> _What you need to do_
Ignoring every picture, transcribe the data in full as it stands.

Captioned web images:
<<<<
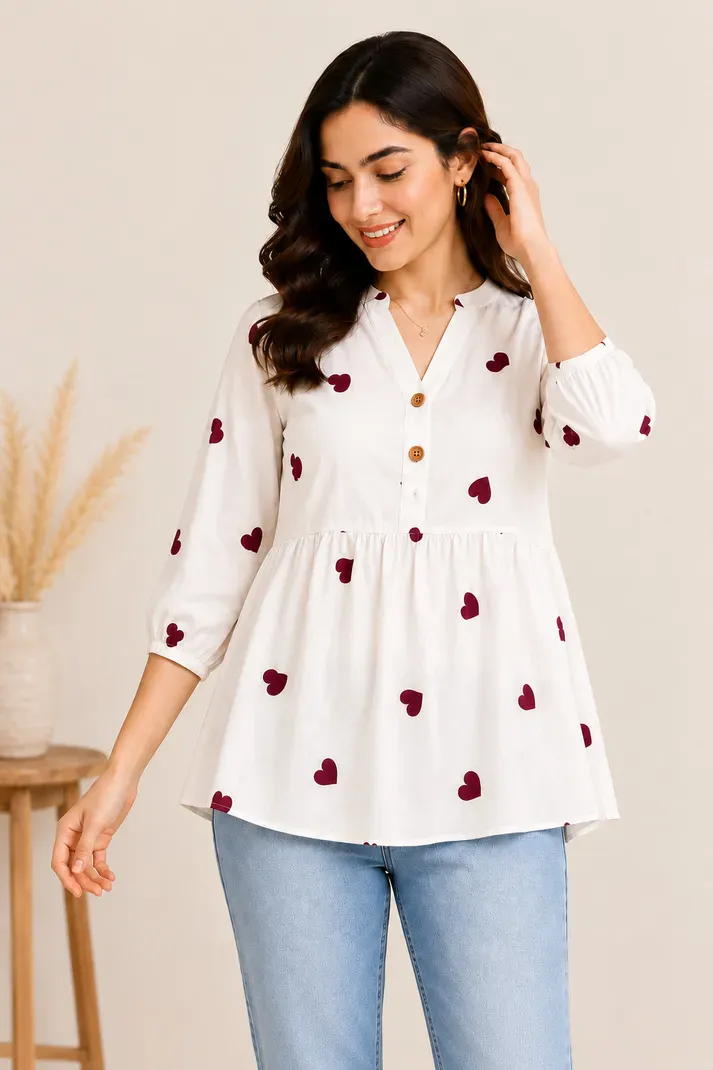 Casual Printed Women White and Maroon Top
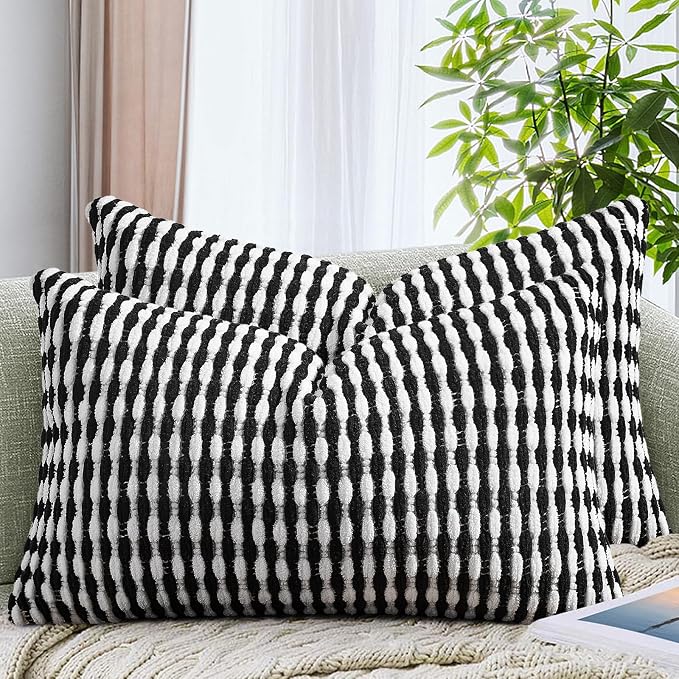 Set of 2 Boho Chenille Pillow Cover Decorative Tufted Pillowcase for Couch Bed Sofa Bedroom Living Room Modern 12 x 20-Inch Black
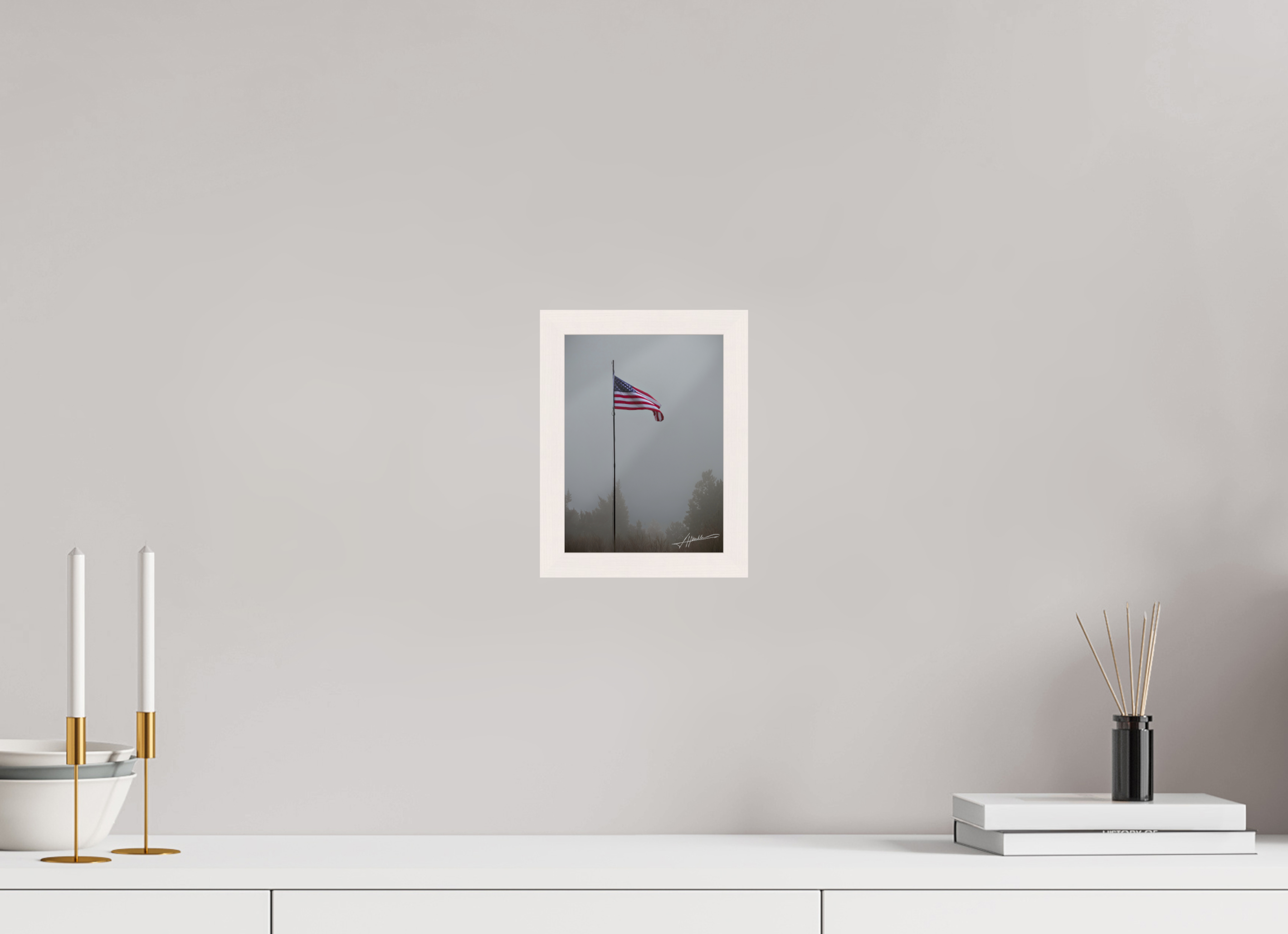 6 x 8″, Gallery Frame Flag in the Breeze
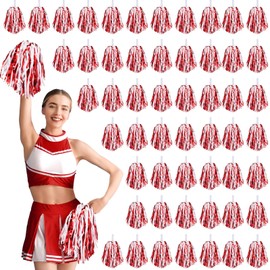 Halloscume 60 Pcs Cheerleading Pom Poms Cheering Pompoms Bulk Cheer Metallic Foil Pom with Baton Handle Plastic Poms Squad for Game Team Spirit Sports Dancing Basketball Club(Red, White)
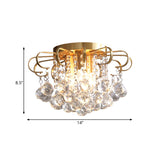 Vintage Gold Crystal Orb Ceiling Flush Mount Chandelier - Flower Living Room Décor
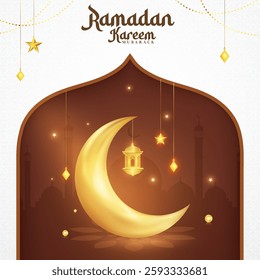 Luxury banner design for Eid mubarak. Realistic Islamic social media post design template with hanging realistic half moon, lantern, star, and mosque. Mosque poster design. 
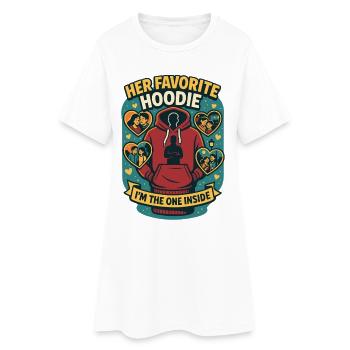 Her Favorite Hoodie, Valentine's Day Gift - Women’s T-Shirt Dress - white - Front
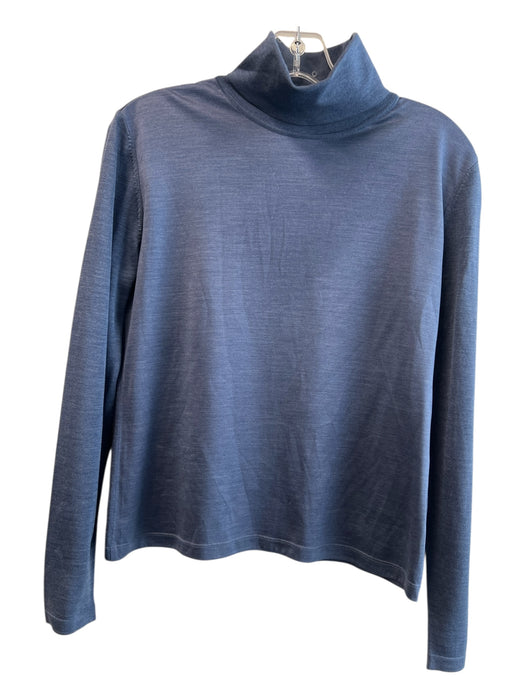 Lafayette 148 Size Medium Blue Silk Long Sleeve Turtle Neck pull over Top Blue / Medium
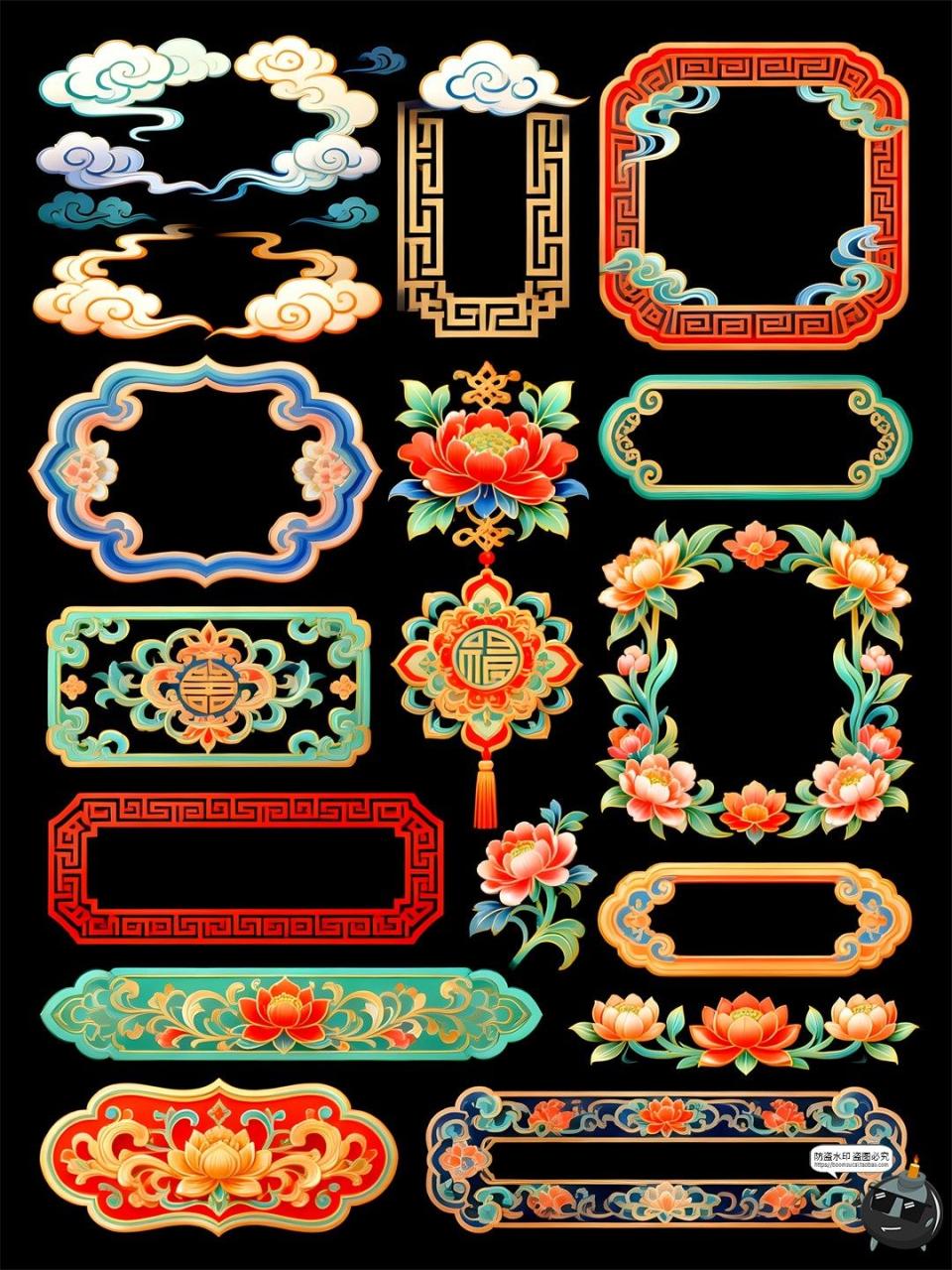 图片[4]-国潮风边框立体手绘风仿喜庆古元素PSD模板素材图-设计猿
>>>>
> _Output below_
 Casual Printed Women White and Maroon Top
 Set of 2 Boho Chenille Pillow Cover Decorative Tufted Pillowcase for Couch Bed Sofa Bedroom Living Room Modern 12 x 20-Inch Black
 6 x 8″, Gallery Frame Flag in the Breeze
 Halloscume 60 Pcs Cheerleading Pom Poms Cheering Pompoms Bulk Cheer Metallic Foil Pom with Baton Handle Plastic Poms Squad for Game Team Spirit Sports Dancing Basketball Club(Red, White)
 Vintage Gold Crystal Orb Ceiling Flush Mount Chandelier - Flower Living Room Décor
 Luxury banner design for Eid mubarak. Realistic Islamic social media post design template with hanging realistic half moon, lantern, star, and mosque. Mosque poster design. 
 Her Favorite Hoodie, Valentine's Day Gift - Women’s T-Shirt Dress - white - Front
 Lafayette 148 Size Medium Blue Silk Long Sleeve Turtle Neck pull over Top Blue / Medium
 图片[4]-国潮风边框立体手绘风仿喜庆古元素PSD模板素材图-设计猿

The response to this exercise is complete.